### Problem statement
Could you copy exactly the lines below, beginning at the line with "Isaoa Rucksack mit" and stopping after the line with "نمونه کیک زرد", with no pictures?

### Data records
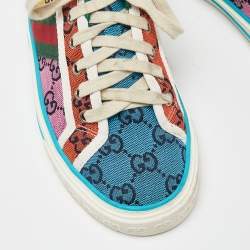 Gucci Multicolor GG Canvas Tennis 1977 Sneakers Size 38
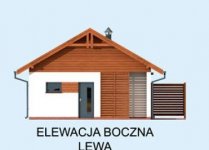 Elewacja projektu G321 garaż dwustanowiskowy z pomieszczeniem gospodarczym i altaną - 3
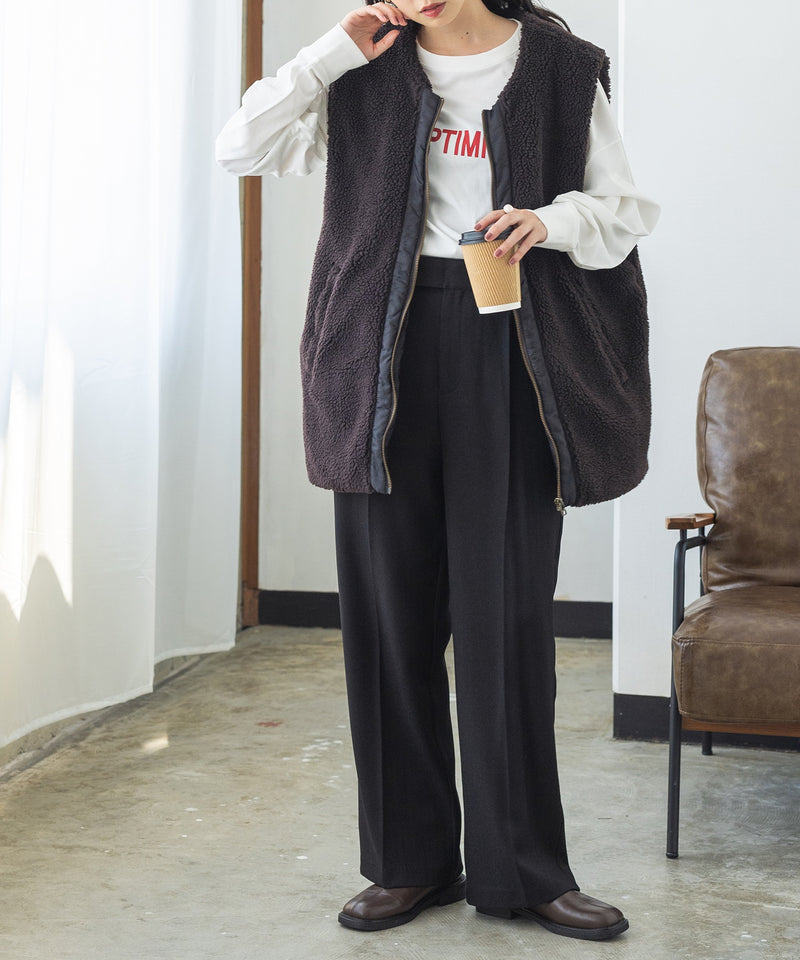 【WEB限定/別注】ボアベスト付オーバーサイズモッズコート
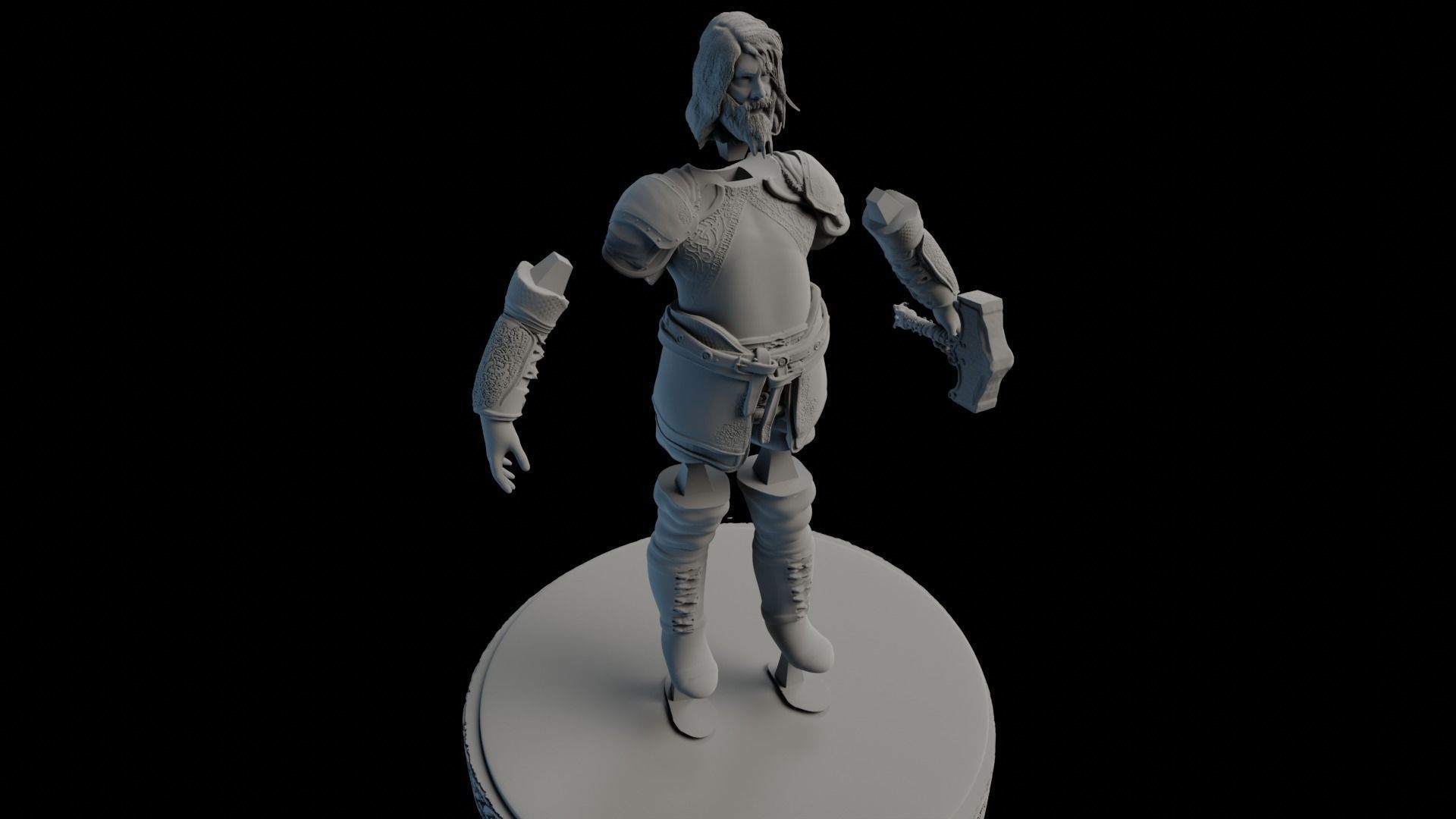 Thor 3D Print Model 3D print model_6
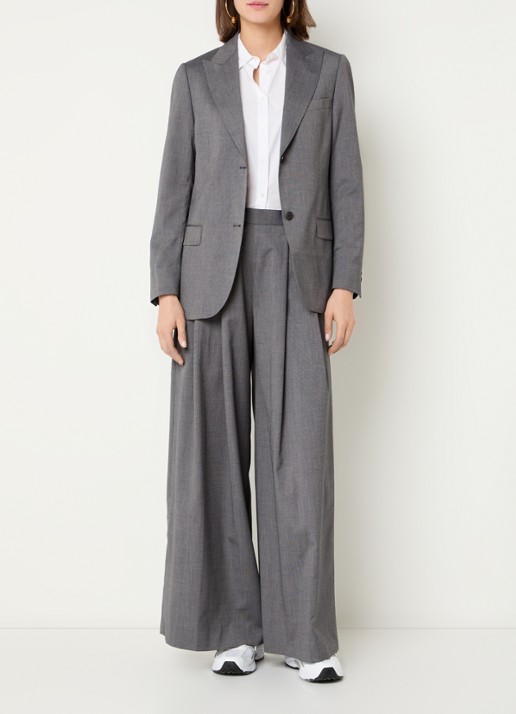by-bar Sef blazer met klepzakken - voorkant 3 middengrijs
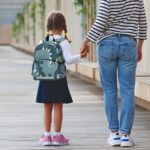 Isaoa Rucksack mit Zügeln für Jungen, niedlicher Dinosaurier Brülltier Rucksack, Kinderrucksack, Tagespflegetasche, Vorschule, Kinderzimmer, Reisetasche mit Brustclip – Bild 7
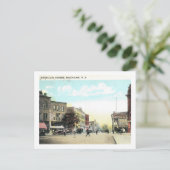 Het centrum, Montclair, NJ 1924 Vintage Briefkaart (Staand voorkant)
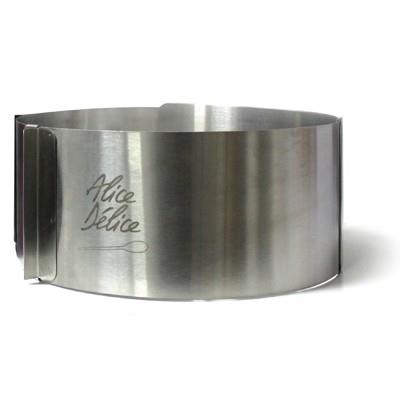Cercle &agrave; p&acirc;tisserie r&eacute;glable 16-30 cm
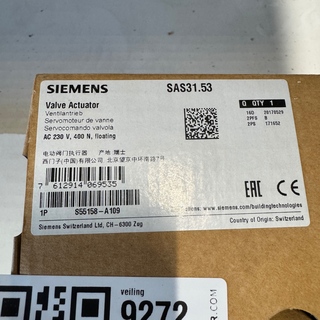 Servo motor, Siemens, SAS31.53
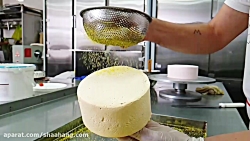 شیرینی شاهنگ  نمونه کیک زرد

* * *

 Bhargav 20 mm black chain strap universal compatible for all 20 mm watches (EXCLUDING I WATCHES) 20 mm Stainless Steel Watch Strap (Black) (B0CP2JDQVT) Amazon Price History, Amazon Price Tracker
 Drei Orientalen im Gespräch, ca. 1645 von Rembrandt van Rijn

### Output for this task
 Isaoa Rucksack mit Zügeln für Jungen, niedlicher Dinosaurier Brülltier Rucksack, Kinderrucksack, Tagespflegetasche, Vorschule, Kinderzimmer, Reisetasche mit Brustclip – Bild 7
 Het centrum, Montclair, NJ 1924 Vintage Briefkaart (Staand voorkant)
Cercle &agrave; p&acirc;tisserie r&eacute;glable 16-30 cm
 Servo motor, Siemens, SAS31.53
 شیرینی شاهنگ  نمونه کیک زرد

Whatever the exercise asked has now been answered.